The problem is in efficiency, especially on downtime times. Especially when DB is slooow under 100k+ problems, events, triggers updates. (Remember the crash?). Most important widgets looks like this most of the time:

Solution:
Have a list of active problems on the Zabbix server side, refresh it according to problems happening or closing on the "go".

Fetch it via trapper interface.
Build  "current status" widgets out of them, avoid API as much as possible.

Side effect:
Have a list of "internal problems" for monitoring system administrator to see what's working wrong in terms of monitoring, use the same idea to build such an interface.

The progress

server->trapper->php->browser "hello world" prototype seems to be working:




Lets see how it works all together completed a bit later.

Friday, August 17, 2018

ZABBIX: nmap, fping, collapse reasons

Today i finally had time to figure what's happened on the zabbix crash two days ago.


The reason so much hosts stopped to be accessible was the nmap fail. I've fixed it by switching to fping, but i had to figure out, why nmap has stopped working.

During the crash we've tried to fix networking accessibility problem and  someone has left a nat rule to map ICMP traffic (most networks) to the proper src address.

And this is important: i dont' know the exact reason, but it seems that nat rule set on POSTROUTING stage HAS been applying to traffic, and returning traffic for some reason hasn't been able to be received by the same socket. I am not sure if it went directly to the socket without being deNatted or it couldn't get the socket after being deNATted by iptables. Doesn't really matter.

Fping was functional under same conditions due to it was already sending traffic from the correct address.

For nmap situation is a bit more complicated: when the -S option is used, it doesn't actually sends any traffic. To be precise, no traffic is leaving the system with the desired destination. Only setting outgoing interface helps (perhaps, one more reason to learn RAW sockets nature).

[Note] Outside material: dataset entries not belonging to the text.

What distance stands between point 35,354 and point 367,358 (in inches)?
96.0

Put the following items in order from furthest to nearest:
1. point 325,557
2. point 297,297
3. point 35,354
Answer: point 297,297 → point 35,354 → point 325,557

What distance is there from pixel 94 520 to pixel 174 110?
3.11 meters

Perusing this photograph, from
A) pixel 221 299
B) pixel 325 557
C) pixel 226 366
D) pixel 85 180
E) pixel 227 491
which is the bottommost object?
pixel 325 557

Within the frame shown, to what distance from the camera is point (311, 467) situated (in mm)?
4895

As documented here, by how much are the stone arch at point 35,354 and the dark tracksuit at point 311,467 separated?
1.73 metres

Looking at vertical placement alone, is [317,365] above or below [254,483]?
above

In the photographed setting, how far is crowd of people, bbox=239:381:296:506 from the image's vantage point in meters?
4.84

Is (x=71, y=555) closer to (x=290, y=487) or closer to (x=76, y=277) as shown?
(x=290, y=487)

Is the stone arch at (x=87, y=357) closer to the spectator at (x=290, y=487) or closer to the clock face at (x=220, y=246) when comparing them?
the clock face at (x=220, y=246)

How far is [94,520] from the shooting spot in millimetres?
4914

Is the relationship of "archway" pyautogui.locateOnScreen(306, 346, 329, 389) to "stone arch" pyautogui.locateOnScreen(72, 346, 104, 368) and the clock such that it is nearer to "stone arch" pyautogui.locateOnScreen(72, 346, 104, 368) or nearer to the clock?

So to utilize source address with NMAP functionality there must be outgoing interface to be known by zabbix server or outgoing interface has to be set in the configuration. Latter seems to be simpler.

And one more thing to consider: actually, nmap parameters where wrong, so alongside with icmp it was sending packets to 443 and 80 port for host discovery. This is not right as may produce harm on slow devices, so I've fixed the nmap options.


Thursday, August 16, 2018

ZABBIX: v4 in productions and first production collapse

We've got the v4 working for production now.




While we where trying to fix the nmap source address problem, we accidentally disrupted network connectivity, which lead to the mass system collapse:

The core reason of collapse is slow mysql update speed. This, in turn have roots from ZABBIX nature to log everything to the MYSQL database.

And third, by architecture, Zabbix server and frontend are exchanging data through Mysql.

What happens is:
Net collapse-> lots of updates (problems, events, etc) -> db collapse -> slow frontend -> more db load due to page refreshes.

Some thoughts:

1.Do exchanging of on-line data (existing problems) via some in-memory method.
2. Reduce as much as possible DB load and logging of events, and (probably) send them to clickhouse.

I have also found that there is a huge trends_uint table. I thought that it's housekeeper's job to update it. Since there is HouseKeepingFrequency=0 in the config file i haven't check it before. So i did "update items set trends=0" to make sure.

But lets' retrun to collapsing on high load.
It's both 1) and 2) needs to be fixed. But also something have to be done about frontend widgets PHP part wich seems to be nonfunctional under high number of innacessible hosts.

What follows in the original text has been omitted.